I doubt this is a distinction between English and other languages (though Conrad was fluent in Polish and French). It may express the non-native speaker’s frustration at all the nuances he may never quite acquire. It might well be a distinction between poetry and prose. What Conrad calls ‘blurred’ in prose can be a virtue in poetry. Just a few years later, at the end of the twenties, William Empson was saying (in ‘Seven Types of Ambiguity’) that it is fundamental to poetry that ‘a word, a syntax, or a grammatical structure, while making only one statement, is effective in several ways at once.’ That’s what poetry does, it suggests more than it states.

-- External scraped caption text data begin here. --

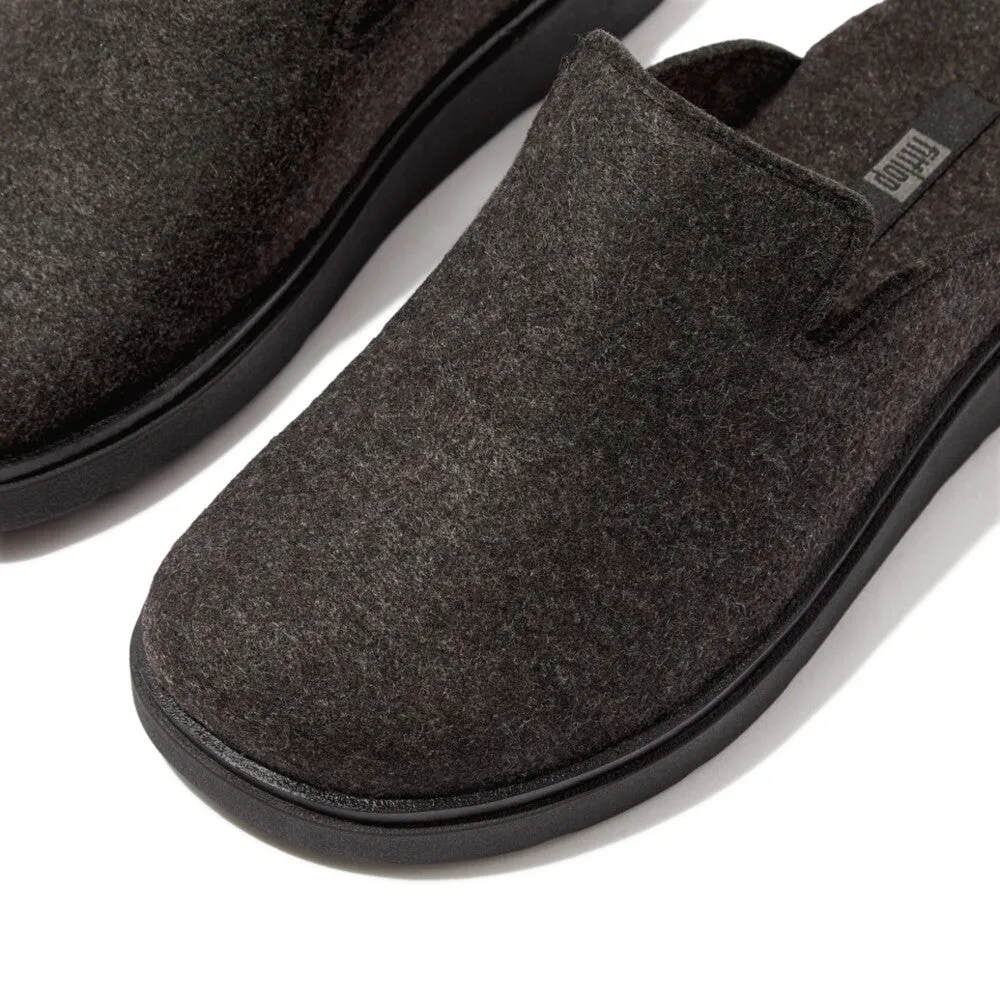 FitFlop Gen-FF e01 Felt Mules Black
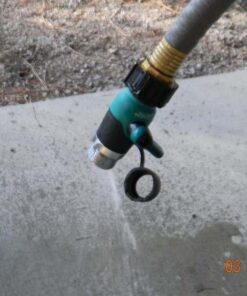 Garden Hose Shut Off Valve, Garden Hose Connector, Water Hose Shut Off Valve, Hose Valve Shut Off, Shut Off Valve for Garden, Garden Hose Shut off valve Heavy Duty 0° Straight 40 61WSgL ETbL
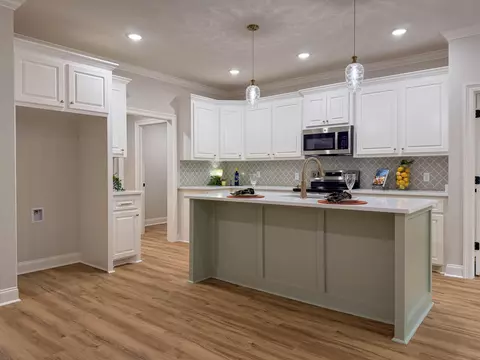 Kitchen - 64 Meadow Breeze Rd, Sumrall, MS 39482 photo 5 of 5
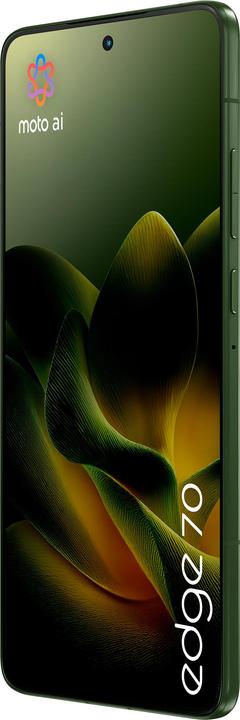 Produktbild Motorola Edge 70 (512 GB, Pantone Bronze Green, 6.67", SIM + eSIM, 5G)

Ford himself was a poet (mostly unread now) and enthusiast for poetry. He lauded praise on Pound’s Chinese ‘translations’ in Cathay: ‘Mr Pound’s little volume is like a door in a wall, opening suddenly upon fields of an extreme beauty….. the power to express emotion so that it shall communicate itself intact and exactly..’ Too much puffery? That was Ford’s style. He knew what he liked, and what was worthy of mockery. In ‘Ancient Lights’ he remembers the poetry readings of his youth, a Pre-Raphaelite childhood ( the Rossettis were his cousins, his grandfather was the painter Ford Madox Brown):
“Mournfully then, up and down the stone staircases, there would flow two hollow sounds. For, in those days, it was the habit of all poets and poetesses to read aloud upon every possible occasion, and whenever they read aloud to employ an imitation of the voice invented by the late Lord Tennyson and known, in those days, as the ore rotundo — ‘with the round mouth mouthing out their hollow o’s and a’s.’ The effect of this voice heard from outside a door was to a young child particularly awful. It went on and on, suggesting the muffled baying of a large hound that is permanently dissatisfied with the world.”

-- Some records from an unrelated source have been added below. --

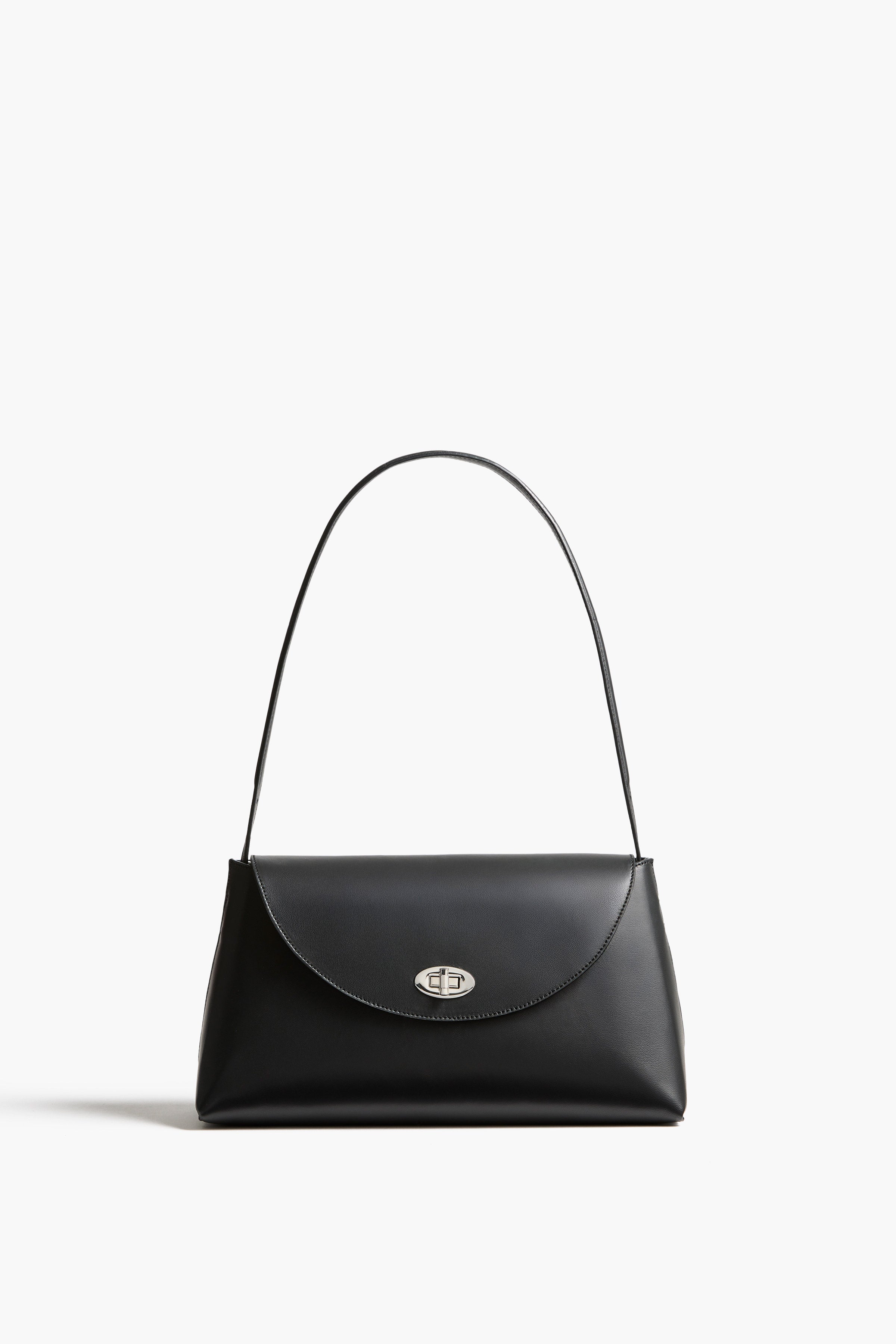 Loquette Flap Bag in Black – Altuzarra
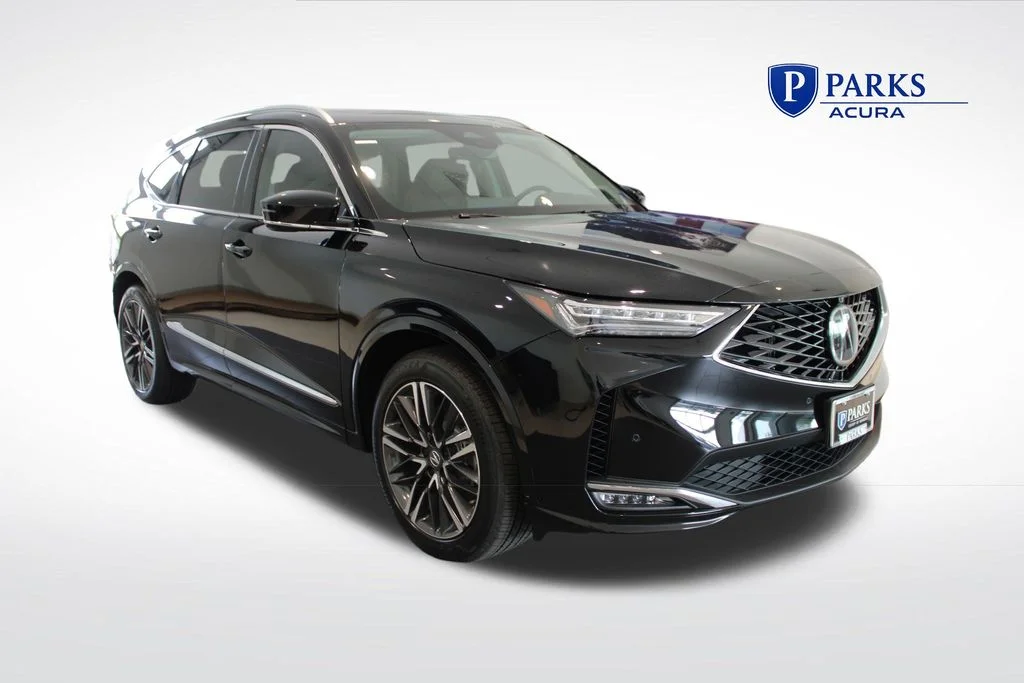 New 2026 Majestic Black Pearl Acura Advance Package image 1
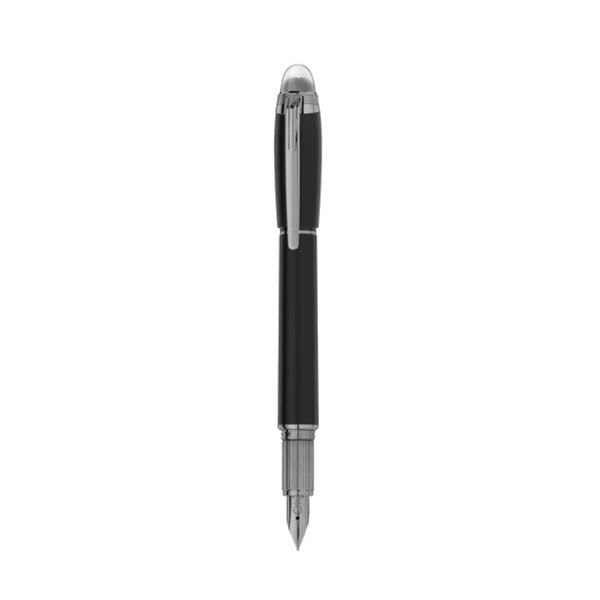 Stylo plume StarWalker Ultra Black Precious Resin (F)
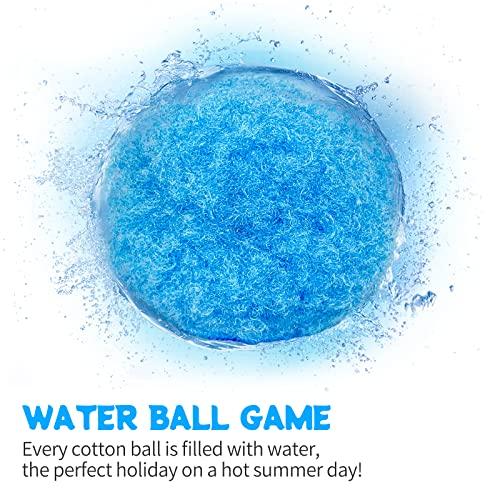 【並行輸入品】OFCTE 60PCS Reusable Water Balls，Water Soaker Balls for Outdoorの画像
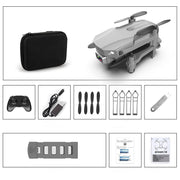 Folding Drone 4K HD Camera - Mini RC Quadcopter Toy Airplane for Aerial Photography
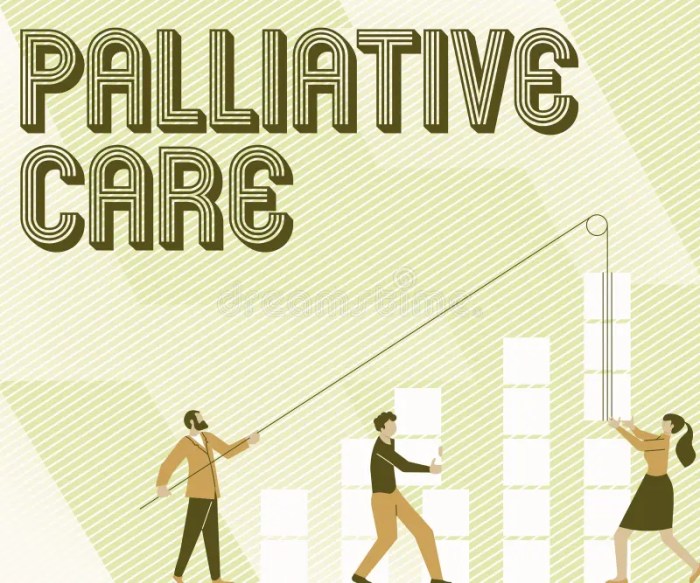 Text Sign Showing Palliative Care. Concept Meaning Specialized Medical ... What is palliative care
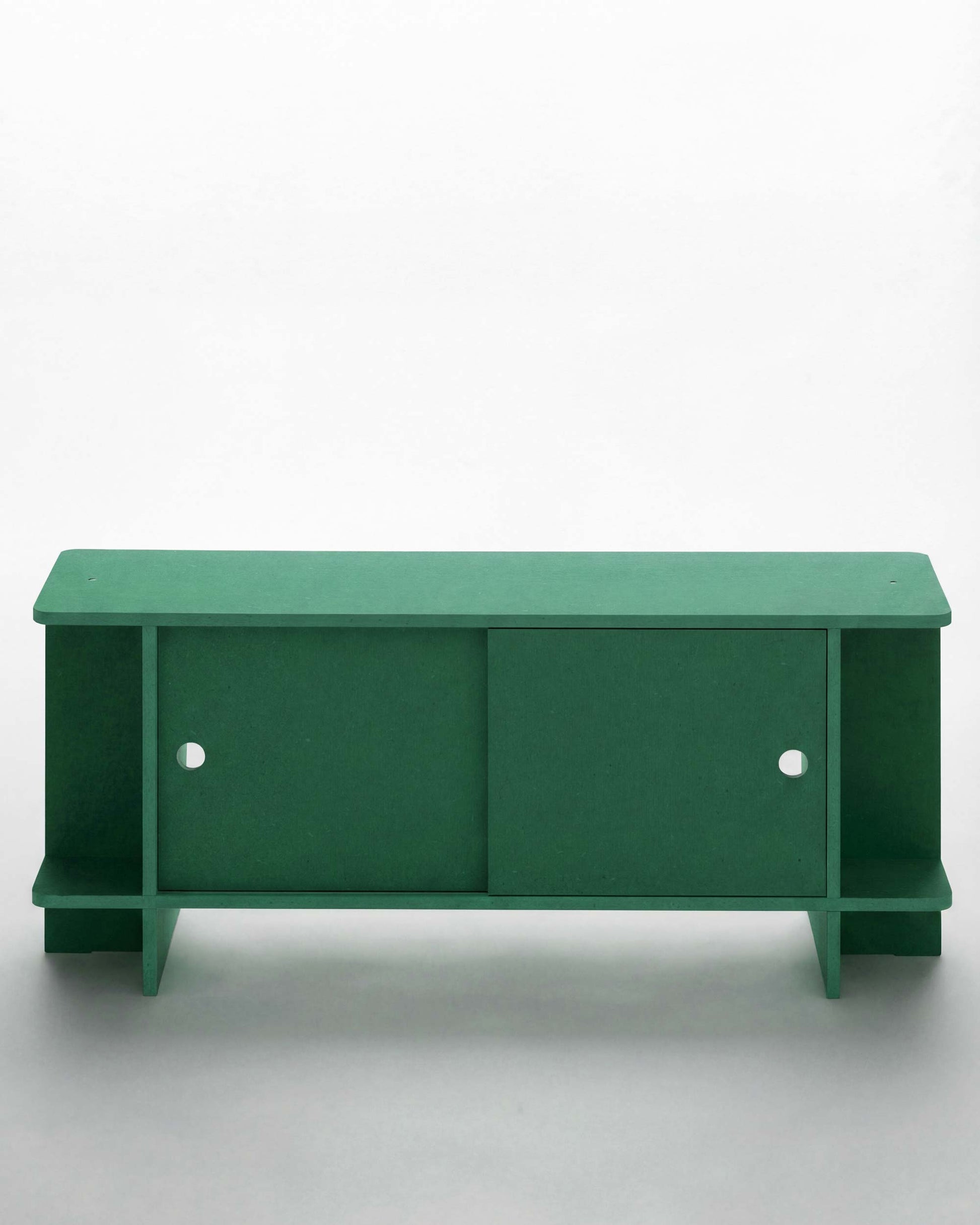 Frame Cabinet, Green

They don’t read them like that anymore. So how do they read them? There may be a house style of the present day, but it’s always easier to see (or hear) with hindsight. It’s also easier, looking back, to realize which were the poets with real presence, amongst the many forgettable performances. Peter Gizzi, reading (very well) at the LRB bookshop last year, paused about three poems in and asked ‘Are you with me?’ I was, but so often I’m not. So often the experience is ok-ish, but that’s all. The reason I keep going is that every once in a while something marvellous happens.
And when was that? Who has stayed in my memory like a touchstone? The first was when I was taken by an English teacher in the late 70s to the Young Vic in Waterloo to hear Adrian Mitchell. I had a classmate whose parents voted for the far-right National Front, I was a left-leaning teenager and here was Mitchell reading a poem about stamping on Enoch Powell’s grave. I was captivated. I saw him again at Kettle’s Yard in Cambridge when he was poet in residence in 1980. I remember he solved the applause problem by asking us not to clap individual poems ‘because they’ll start competing with each other’. He was a teenage enthusiasm I don’t regret. Perhaps his poems don’t hold up so well on paper as I once thought, but his voice, his character and politics carried me with him.
Who else? Robert Creeley at the DIA arts foundation in New York 1987. I had recently discovered all sorts of American names – Berryman, Bishop, Ginsberg, O’Hara, Ashbery – and here was one of them in the flesh, gravelly-voiced, with a patch over his bad eye. Creeley’s poem ‘I know a man’ was already a favourite of mine and I asked a question about it (the first time I’d plucked up the courage). His reply was about his mind, as he aged, being like an old tv set; working a little less well, needing the odd bash to get it going. Memorable. I don’t think he answered my question.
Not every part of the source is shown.